Old Geezers Out to Lunch

Old Geezers Out to Lunch
The Geezers Emeritus through history: The Mathematician™, Dr. Golf™, The Professor™, and Mercurious™

Monday, February 11, 2013

Embarrassed for Minnesotans

I'm just a little bit embarrassed for Minnesota today.

Time was when it would have taken a two-foot snowstorm and/or -30 degree temps for a week or two before we'd get at all concerned about the weather. We delighted in being a state that could stoically bear anything and everything the weather gods could throw at us. Not any more, it seems; we've become a state of wimps, judging from the evidence of the last two days.

Over the weekend, the local television news stations were touting a serious and dangerous winter storm bearing in from the southwest. When I looked at the details of the forecast, though, I was rather taken aback: 3-6" of snow, mixed with a little sleet.

And in the event itself, the situation for even more tame—about 2.5-3", maybe.

Now, this is starts to qualify as meaningful
 snow. In my day, we thought nothing of
walking to school barefoot in weather like this.
Not like today's wimpy youth. 
This is no "storm," for crying out loud.  It's barely even a snowfall worth mentioning. Surely back in the day (which is to say the 1950s through 80s) we would barely have given this little bit of weather a second glance. It's no more newsworthy than a full moon once a month. But for the last decade or two, Minnesota has become almost as nervous about the weather as, say, Charlotte NC. It's starting to be embarrassing.

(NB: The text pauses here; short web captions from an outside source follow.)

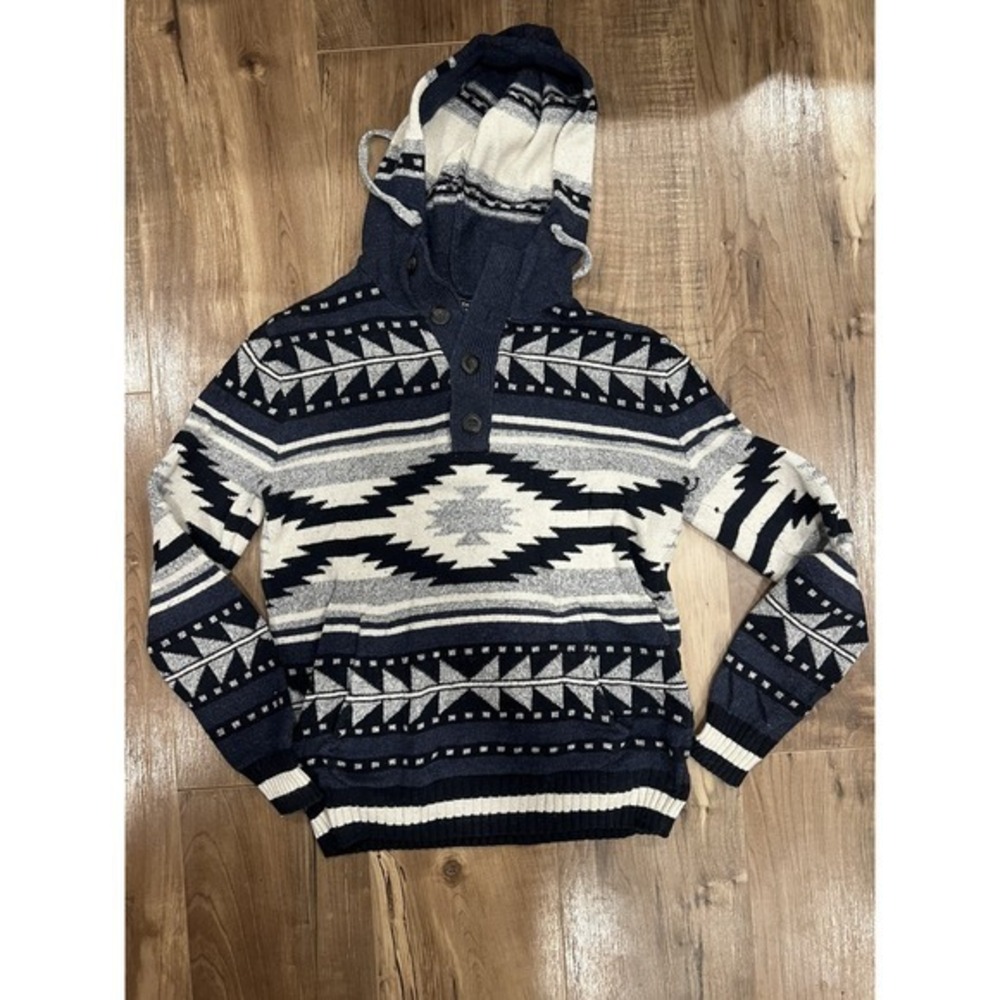 American Eagle Nordic Blue Hoodie Henley Ski Sweater Snowflake Design‎ Men's S
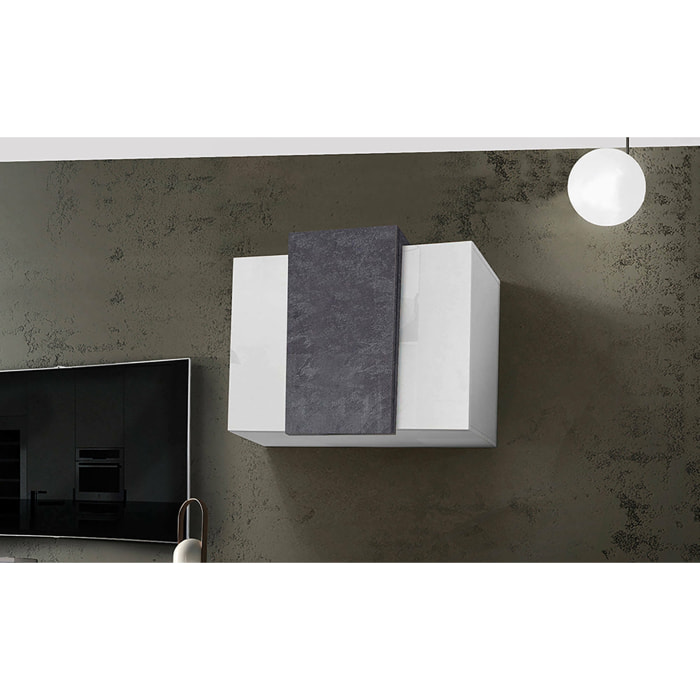 Mobile pensile Andras, Armadio multiuso, Mobiletto a muro, 100% Made in Italy, cm 90x38h66, Bianco lucido e Ardesia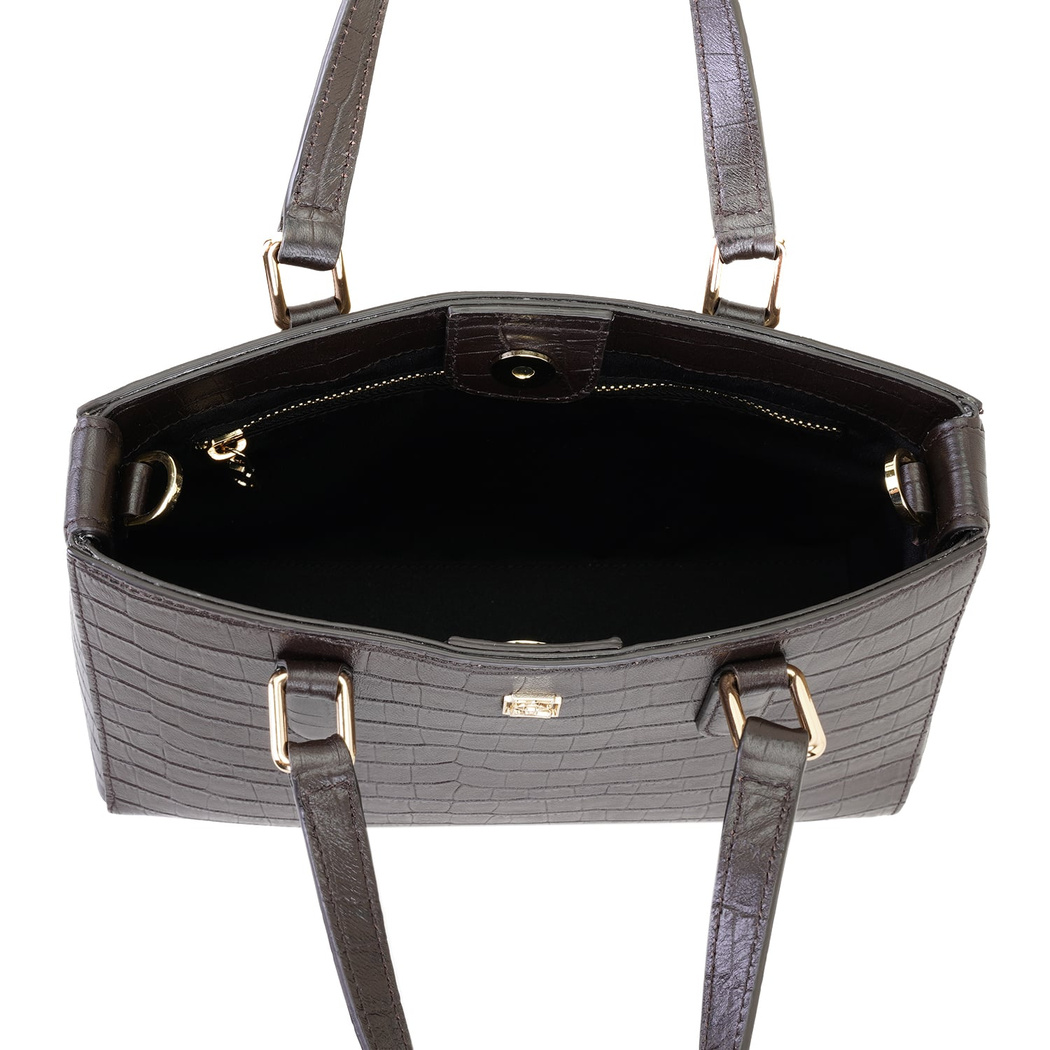 Rieka Kahve Kadın Kroko Baskılı Deri El Çantası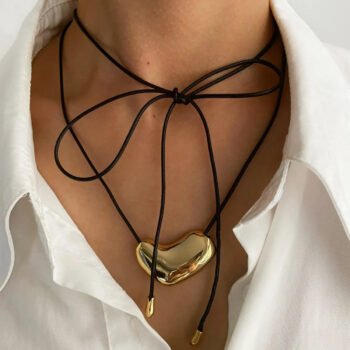 Heart Pendant Leather Rope Necklace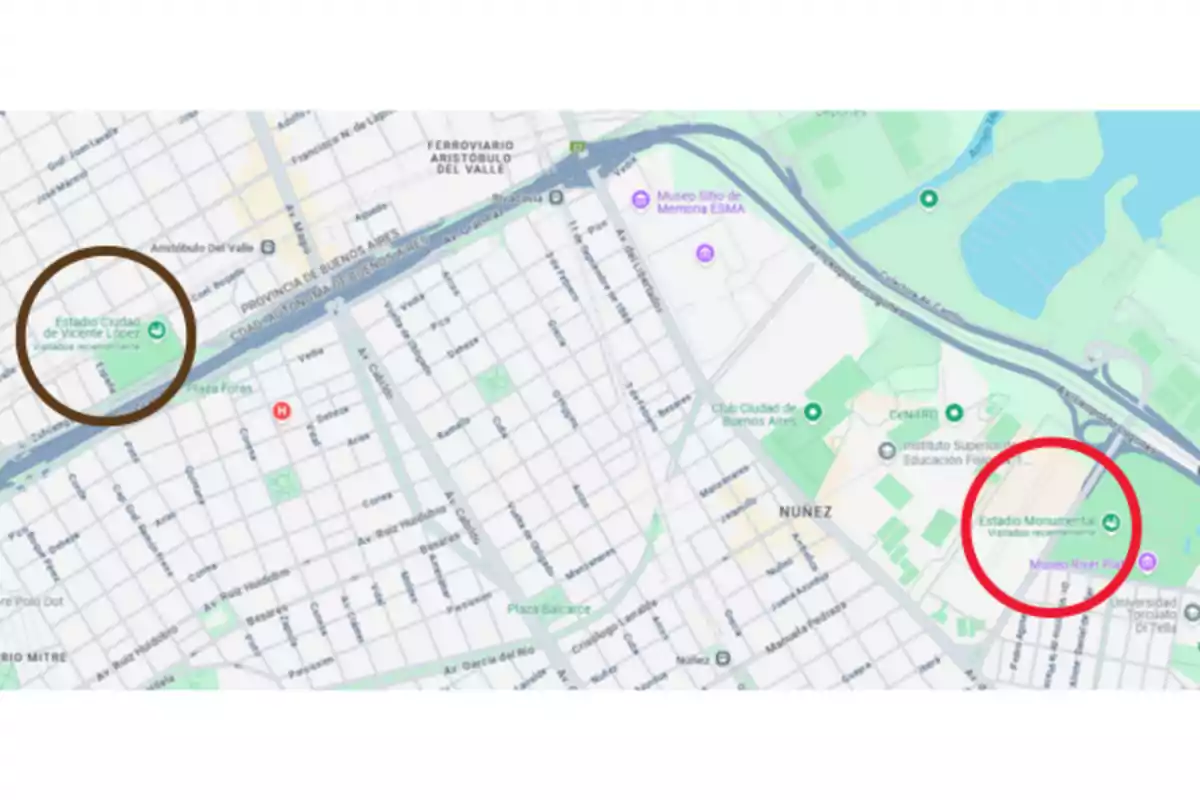 Map of an urban area showing two highlighted stadiums with circles, one in Vicente López and the other in Núñez, along with nearby streets and points of interest. Map of an urban area showing two highlighted stadiums with circles, one in Vicente López and the other in Núñez, along with nearby streets and points of interest.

In recent years, the typical evening news forecast of a local television affiliate dedicates a full 15 minutes out of  a thirty minute broadcast to hysteria about the weather. And it isn't just a winter phenomenon; in the summer months, we're now quite hysterical about the incredibly faint odds that we will be sucked up by a tornado during one of the frequent thunderstorms that plague the midwest from April to August.

These days, it's really not uncommon now for Minnesota schools to close if we get a foot of snow, and for mothers to huddle in the basement with their kids if there is a report of a possible tornado 200 or 300 miles away. Back in the days of Geezer youth, on the other hand, I remember exactly zero days when we closed school for snow; and a pending thunderstorm was an opportunity for kids to gather in the yard in excitement and stare with wonder at the sky, hoping desperately that we might see a funnel cloud.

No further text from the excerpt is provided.